§ Directions for this task
The answer should consist of every line in the material below that has the word "Fans".

Segment Open

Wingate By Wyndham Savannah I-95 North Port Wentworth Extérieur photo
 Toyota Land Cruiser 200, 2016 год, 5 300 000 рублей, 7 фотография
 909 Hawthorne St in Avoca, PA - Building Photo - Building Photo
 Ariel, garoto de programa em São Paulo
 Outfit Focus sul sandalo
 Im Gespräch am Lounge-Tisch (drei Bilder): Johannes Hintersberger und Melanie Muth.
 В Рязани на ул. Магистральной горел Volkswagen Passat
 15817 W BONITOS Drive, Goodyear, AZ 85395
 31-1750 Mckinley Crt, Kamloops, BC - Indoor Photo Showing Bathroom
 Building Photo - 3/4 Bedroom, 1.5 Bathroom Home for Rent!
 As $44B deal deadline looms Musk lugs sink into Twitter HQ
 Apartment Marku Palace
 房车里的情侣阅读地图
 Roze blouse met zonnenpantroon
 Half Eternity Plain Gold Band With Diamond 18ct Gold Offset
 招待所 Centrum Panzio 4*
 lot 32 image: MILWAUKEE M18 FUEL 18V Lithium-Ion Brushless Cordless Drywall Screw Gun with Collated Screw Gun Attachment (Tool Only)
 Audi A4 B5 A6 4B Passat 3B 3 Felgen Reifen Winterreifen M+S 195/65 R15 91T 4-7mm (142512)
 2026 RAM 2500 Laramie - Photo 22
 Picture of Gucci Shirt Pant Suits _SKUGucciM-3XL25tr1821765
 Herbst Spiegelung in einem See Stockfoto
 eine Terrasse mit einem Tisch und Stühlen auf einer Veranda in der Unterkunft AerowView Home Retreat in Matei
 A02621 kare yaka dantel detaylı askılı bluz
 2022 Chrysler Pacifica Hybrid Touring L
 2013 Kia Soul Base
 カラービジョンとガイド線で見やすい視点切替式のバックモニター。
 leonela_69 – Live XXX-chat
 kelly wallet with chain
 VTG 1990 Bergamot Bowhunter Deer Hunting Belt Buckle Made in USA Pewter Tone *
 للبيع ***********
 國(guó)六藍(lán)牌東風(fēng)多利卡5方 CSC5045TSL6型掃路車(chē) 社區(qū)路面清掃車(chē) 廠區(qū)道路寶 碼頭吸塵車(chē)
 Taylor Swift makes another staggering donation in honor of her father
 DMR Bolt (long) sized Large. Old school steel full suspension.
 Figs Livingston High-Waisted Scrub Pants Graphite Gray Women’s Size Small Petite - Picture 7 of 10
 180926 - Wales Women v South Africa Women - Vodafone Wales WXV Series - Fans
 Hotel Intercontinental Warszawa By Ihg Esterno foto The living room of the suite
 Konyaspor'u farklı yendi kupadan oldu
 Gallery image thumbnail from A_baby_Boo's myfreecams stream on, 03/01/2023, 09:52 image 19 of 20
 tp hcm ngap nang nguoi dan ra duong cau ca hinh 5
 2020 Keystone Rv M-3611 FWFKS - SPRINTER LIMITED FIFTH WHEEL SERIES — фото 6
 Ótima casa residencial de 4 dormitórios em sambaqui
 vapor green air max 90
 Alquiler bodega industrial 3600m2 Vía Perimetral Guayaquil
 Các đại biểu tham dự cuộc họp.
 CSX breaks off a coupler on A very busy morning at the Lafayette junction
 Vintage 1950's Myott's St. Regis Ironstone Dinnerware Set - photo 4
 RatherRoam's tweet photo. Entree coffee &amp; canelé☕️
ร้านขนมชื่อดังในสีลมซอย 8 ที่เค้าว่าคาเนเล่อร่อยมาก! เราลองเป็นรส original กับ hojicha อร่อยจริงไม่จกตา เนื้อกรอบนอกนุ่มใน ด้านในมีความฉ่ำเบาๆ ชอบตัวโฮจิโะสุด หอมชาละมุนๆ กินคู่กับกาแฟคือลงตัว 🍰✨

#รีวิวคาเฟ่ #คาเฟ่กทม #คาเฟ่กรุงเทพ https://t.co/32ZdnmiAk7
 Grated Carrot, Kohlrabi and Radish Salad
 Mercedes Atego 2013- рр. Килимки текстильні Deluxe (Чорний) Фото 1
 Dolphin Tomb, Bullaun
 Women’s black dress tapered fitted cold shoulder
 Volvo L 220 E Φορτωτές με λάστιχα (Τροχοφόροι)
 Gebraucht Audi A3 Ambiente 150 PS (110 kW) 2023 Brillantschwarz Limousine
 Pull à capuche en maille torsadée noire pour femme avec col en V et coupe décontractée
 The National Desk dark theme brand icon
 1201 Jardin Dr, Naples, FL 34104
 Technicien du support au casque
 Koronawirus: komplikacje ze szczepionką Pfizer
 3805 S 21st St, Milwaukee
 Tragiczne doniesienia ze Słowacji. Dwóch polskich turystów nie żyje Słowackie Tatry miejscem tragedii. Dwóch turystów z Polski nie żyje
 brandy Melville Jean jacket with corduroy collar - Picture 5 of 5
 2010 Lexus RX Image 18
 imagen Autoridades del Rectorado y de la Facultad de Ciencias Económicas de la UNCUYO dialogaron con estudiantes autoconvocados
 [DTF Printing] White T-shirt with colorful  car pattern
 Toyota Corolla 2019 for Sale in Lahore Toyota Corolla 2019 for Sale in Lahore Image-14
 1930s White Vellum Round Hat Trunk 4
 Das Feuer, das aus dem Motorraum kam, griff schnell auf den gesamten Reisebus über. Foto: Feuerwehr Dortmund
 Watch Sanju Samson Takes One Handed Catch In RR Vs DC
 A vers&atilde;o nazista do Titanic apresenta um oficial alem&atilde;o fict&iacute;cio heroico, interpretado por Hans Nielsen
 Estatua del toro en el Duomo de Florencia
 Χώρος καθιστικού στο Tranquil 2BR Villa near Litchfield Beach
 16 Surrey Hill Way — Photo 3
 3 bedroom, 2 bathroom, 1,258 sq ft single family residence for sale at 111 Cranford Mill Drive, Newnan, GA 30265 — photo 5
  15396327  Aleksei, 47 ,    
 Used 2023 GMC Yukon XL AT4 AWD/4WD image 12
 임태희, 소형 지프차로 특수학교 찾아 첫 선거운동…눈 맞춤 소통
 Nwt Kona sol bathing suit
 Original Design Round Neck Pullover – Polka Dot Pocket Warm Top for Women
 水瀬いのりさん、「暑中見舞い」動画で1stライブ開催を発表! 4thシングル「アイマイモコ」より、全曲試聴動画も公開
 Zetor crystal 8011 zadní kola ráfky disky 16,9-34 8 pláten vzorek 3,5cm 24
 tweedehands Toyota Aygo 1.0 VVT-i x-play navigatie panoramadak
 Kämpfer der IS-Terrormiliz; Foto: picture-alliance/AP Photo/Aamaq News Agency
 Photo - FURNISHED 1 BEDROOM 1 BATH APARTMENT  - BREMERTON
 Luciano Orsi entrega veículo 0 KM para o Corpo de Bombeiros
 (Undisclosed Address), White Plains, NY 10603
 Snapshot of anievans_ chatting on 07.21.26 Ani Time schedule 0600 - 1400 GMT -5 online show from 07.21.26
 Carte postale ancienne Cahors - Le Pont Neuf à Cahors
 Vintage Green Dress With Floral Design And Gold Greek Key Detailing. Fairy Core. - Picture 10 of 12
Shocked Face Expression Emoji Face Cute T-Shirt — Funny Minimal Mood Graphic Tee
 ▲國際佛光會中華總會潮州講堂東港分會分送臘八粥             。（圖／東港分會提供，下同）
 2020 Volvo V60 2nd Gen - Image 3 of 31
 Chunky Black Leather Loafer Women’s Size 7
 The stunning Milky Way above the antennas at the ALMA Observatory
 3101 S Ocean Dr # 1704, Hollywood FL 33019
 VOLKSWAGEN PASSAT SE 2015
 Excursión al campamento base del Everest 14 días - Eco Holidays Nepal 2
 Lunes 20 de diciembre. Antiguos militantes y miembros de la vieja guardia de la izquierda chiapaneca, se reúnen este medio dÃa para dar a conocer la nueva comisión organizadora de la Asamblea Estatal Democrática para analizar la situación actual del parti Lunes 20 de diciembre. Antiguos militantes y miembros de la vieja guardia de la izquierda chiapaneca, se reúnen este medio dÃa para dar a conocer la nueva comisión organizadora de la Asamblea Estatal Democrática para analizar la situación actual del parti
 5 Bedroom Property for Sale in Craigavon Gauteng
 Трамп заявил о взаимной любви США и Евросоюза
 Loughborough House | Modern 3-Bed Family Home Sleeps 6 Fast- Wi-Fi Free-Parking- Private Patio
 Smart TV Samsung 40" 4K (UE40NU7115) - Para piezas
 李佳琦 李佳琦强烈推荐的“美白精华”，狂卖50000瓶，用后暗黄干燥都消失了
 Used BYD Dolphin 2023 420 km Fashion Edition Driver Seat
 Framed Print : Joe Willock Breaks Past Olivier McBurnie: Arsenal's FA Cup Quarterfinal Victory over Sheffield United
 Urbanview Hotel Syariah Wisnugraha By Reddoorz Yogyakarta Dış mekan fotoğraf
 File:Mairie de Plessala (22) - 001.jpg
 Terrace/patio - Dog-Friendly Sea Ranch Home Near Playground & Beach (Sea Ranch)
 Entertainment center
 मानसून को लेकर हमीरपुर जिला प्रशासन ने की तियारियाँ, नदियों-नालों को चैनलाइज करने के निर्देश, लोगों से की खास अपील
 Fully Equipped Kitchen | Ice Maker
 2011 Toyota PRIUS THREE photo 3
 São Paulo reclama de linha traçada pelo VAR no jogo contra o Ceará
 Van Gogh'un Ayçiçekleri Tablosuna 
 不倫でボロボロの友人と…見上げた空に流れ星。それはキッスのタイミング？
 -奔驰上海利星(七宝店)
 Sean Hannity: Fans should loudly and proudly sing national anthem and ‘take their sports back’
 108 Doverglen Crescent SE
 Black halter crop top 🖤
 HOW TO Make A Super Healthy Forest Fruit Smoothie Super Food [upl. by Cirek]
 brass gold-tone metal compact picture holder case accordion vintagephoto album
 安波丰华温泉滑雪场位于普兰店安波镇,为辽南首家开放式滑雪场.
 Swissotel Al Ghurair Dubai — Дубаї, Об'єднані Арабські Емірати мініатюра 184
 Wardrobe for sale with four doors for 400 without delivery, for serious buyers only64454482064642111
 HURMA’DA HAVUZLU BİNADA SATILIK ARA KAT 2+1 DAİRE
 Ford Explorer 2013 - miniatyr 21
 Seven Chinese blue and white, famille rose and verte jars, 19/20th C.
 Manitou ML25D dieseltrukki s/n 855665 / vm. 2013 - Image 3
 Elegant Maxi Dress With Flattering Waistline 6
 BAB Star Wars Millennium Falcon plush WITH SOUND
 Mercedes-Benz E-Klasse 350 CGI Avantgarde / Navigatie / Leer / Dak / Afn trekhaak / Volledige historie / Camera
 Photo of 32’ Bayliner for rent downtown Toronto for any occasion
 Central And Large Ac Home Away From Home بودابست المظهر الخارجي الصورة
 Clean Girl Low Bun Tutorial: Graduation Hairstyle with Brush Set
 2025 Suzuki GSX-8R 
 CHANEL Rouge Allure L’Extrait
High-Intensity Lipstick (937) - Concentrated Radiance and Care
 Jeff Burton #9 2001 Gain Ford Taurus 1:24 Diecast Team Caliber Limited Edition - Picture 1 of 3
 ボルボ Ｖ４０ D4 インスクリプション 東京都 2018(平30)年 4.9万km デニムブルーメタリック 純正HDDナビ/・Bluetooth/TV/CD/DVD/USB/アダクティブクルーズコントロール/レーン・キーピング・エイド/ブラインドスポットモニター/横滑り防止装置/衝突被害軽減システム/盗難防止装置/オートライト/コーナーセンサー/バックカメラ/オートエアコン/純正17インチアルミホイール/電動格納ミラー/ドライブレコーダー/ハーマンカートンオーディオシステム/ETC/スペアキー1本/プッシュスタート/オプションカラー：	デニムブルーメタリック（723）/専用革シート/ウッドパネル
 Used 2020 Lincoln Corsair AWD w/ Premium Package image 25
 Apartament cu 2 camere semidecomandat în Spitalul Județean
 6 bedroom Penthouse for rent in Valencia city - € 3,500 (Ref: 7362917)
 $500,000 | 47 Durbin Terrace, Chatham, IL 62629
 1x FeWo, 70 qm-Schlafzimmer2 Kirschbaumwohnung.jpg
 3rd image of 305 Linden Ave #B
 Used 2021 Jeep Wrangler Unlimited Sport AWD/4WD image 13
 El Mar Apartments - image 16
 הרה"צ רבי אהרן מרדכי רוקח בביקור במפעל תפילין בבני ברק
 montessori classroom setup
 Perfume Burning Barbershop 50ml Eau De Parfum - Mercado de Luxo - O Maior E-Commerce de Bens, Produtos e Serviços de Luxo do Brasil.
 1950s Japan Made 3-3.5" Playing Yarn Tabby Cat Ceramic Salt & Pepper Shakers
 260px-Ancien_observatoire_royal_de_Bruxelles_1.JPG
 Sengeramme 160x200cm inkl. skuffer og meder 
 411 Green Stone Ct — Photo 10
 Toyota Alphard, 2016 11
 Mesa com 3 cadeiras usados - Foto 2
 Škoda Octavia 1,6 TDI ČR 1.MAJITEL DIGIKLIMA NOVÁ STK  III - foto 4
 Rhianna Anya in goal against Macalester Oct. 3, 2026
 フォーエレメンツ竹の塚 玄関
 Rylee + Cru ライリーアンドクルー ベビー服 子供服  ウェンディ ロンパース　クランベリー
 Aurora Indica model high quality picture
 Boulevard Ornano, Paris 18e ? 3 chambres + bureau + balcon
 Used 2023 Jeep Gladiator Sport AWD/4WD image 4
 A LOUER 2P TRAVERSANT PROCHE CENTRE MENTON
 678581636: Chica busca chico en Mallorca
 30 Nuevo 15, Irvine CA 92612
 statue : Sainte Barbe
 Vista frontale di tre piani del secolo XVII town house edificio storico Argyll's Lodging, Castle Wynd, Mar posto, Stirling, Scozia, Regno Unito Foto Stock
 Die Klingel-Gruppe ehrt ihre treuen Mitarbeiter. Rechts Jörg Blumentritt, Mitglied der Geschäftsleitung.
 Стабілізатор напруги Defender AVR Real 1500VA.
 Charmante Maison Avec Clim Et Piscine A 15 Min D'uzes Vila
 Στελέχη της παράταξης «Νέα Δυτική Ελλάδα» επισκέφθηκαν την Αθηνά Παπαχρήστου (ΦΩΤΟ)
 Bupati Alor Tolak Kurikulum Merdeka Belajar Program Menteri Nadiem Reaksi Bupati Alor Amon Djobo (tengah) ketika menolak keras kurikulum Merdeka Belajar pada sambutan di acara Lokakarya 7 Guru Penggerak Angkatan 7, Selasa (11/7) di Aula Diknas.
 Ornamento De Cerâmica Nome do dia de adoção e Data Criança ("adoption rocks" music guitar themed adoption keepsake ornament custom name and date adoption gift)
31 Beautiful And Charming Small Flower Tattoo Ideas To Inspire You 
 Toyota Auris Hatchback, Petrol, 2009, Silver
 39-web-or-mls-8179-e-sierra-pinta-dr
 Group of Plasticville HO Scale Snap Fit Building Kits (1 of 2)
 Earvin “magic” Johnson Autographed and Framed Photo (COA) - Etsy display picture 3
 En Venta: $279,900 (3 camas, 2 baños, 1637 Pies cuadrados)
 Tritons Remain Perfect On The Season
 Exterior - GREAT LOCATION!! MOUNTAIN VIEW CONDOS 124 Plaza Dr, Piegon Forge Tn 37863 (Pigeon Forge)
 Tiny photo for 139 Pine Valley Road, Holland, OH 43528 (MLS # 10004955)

Segment Closed

§ Response for this exercise
 180926 - Wales Women v South Africa Women - Vodafone Wales WXV Series - Fans
 Sean Hannity: Fans should loudly and proudly sing national anthem and ‘take their sports back’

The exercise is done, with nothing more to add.